The U.S. Treasury has extended the deadline for banks to apply from the end of March to May 16 and will issue term sheets within weeks for S corporations and mutuals, Murray said.

She said the Treasury expects applications for the program to start flowing in, and there’s a real need for capital on the part of small business.

Still, there’s a lot of hesitancy among banks. Those that have Troubled Asset Program Relief capital can refinance into the Small Business Lending Fund and potentially save money on dividends to the government, as long as they increase lending.

But for banks that didn’t have TARP money, there is less of an incentive to apply.

Banks that have CAMELS 4 or 5 ratings aren’t eligible, either.

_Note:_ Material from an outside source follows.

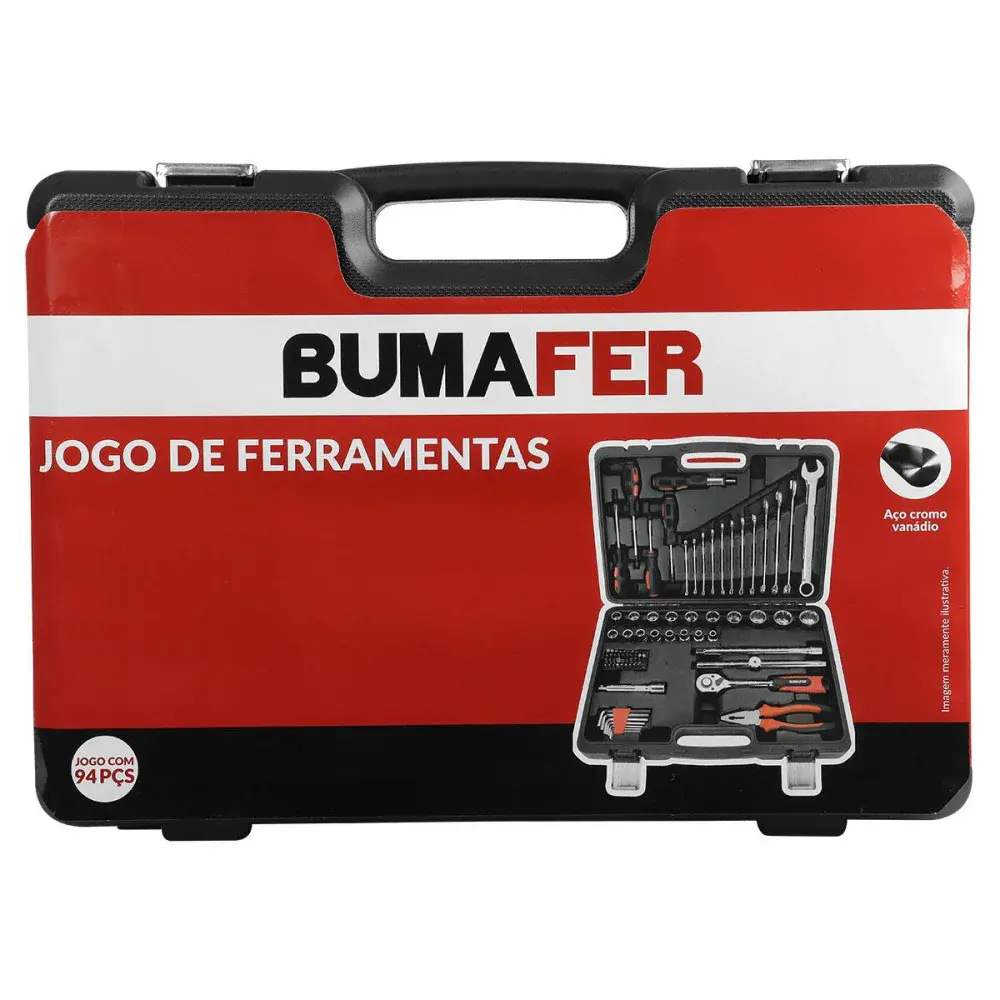 Jogo de ferramentas modelo 94 peç cromo vanádio Bumafer — fotografia 5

Plus, “many banks concluded there wasn’t sufficient enough growth opportunities to warrant taking on that type of capital,’’ said Richard Maroney, co-head of investment banking for Austin Associates. Although the dividends banks must pay on the capital start low, they can rise as high as 9 percent for banks that don’t increase small business lending after four and a half years (although banks can repay the capital and avoid the higher dividend).

Plus, bankers are wary the federal government could change the rules on them. There is, indeed, a good amount of political pressure surrounding the program.

Congresswoman Sen. Olympia Snowe, R-Maine, for example, introduced a bill last month saying the program lacked “transparency and accountability.” The bill would make it impossible for the fund to give money to banks that had TARP money.

“I think there is still a taint from TARP,’’ Maroney said. “I had a number of clients who said they were hesitant to deal with the government.”